By Bullion Shark LLC ……
 

Though they aren’t worth much on their faces, pennies are some of the most fun coins to chase as a collector. That said, there’s a big difference between common pennies that might not be worth your time and those with historical and collectible value.

Wheat cents (or wheat pennies as some call them) are some of the most sought-after one-cent coins. Wheat cents are one-cent coins that were made by the United States Mint from the years of 1909 to 1958. They’re called “wheat cents” because the reverse of each coin includes a wreath of wheat. The phrases “One Cent” and “United States of America” can be seen in between the wheat sheaves.

Since wheat cents were minted for quite a while, there are millions of potential coins to chase after. Here are seven of the rarest — and therefore some of the most valuable — wheat cents to check out.

1. 1931-S Lincoln Wheat Cent

In 1931, the San Francisco Mint created a series of Abraham Lincoln wheat pennies. Notably, these pennies were only minted in quantities of up to 866,000, which is much lower than the average mintage (typically in the millions).

Since this cent was hoarded by people due to the dramatic economic uncertainty of the Great Depression, you can sometimes purchase uncirculated-grade variations of this coin.

Dave & Adam's Submits Rare 1943 Bronze Cent to NGC for Certification - Seven of the Most Valuable Wheat Cents

2. 1943 Bronze Cent

The 1943 copper cent, also sometimes called the 1943 bronze cent, is one of the most sought-after coins in all of America. The bronze wheat cent was produced because of an industrial need for copper during World War II.

At this time, the United States Mint stopped using copper for its cents and switched to zinc-coated steel cents instead. That said, a few copper planchets were left in the hopper, so they were used to strike 1943 dies, resulting in rare copper 1943 Lincoln wheat cents.

These can be fraudulent, however. Use a magnet and see if it picks up the cent if you suspect a fake. If the cent is attracted to the magnet, it’s likely counterfeit.

Seven of the Most Valuable Wheat Cents

3. 1914-D Wheat Cent

The 1914-D wheat cent was minted in Denver, and it’s arguably the most valuable non-error cent sought after by collectors. Only a little over 1,193,000 were minted in total, making it quite rare compared to other cents of its type.

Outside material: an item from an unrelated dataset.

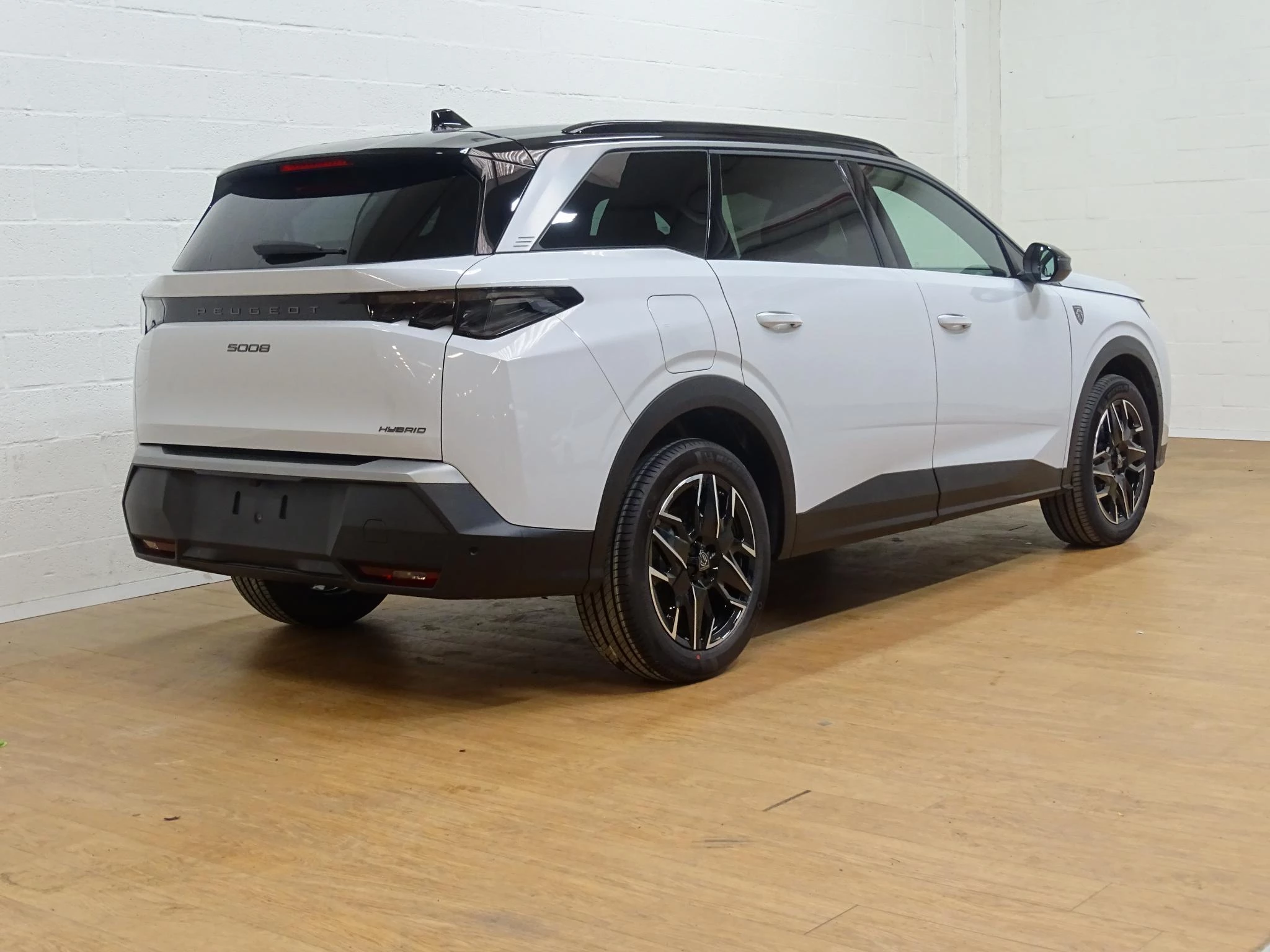 Peugeot 5008 1.2 HYBRID 145 GT +pano dak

It’s tough to find uncirculated varieties of these coins, but it’s popular nonetheless. Some of these cents have sold for over $150,000 USD in high grades.

4. 1922 No D Wheat Cent

The 1922 No D Lincoln wheat cent was produced by the Denver Mint. But notably, it doesn’t actually have the “D” mint mark as indicated by its name. The mint in Denver was under a lot of pressure to produce tons of coins at the time, so sloppy processes interfered with perfect coin creation.

Seven of the Most Valuable Wheat Cents

5. 1909-S VDB Wheat Cent

The 1909-S VDB wheat cent was minted in San Francisco. This is one of the toughest wheat cents to acquire – though it is also one of the most popular). It’s marked by the iconic “VDB” initials of the coin’s designer, Victor David Brenner, at the bottom of the coin’s reverse side.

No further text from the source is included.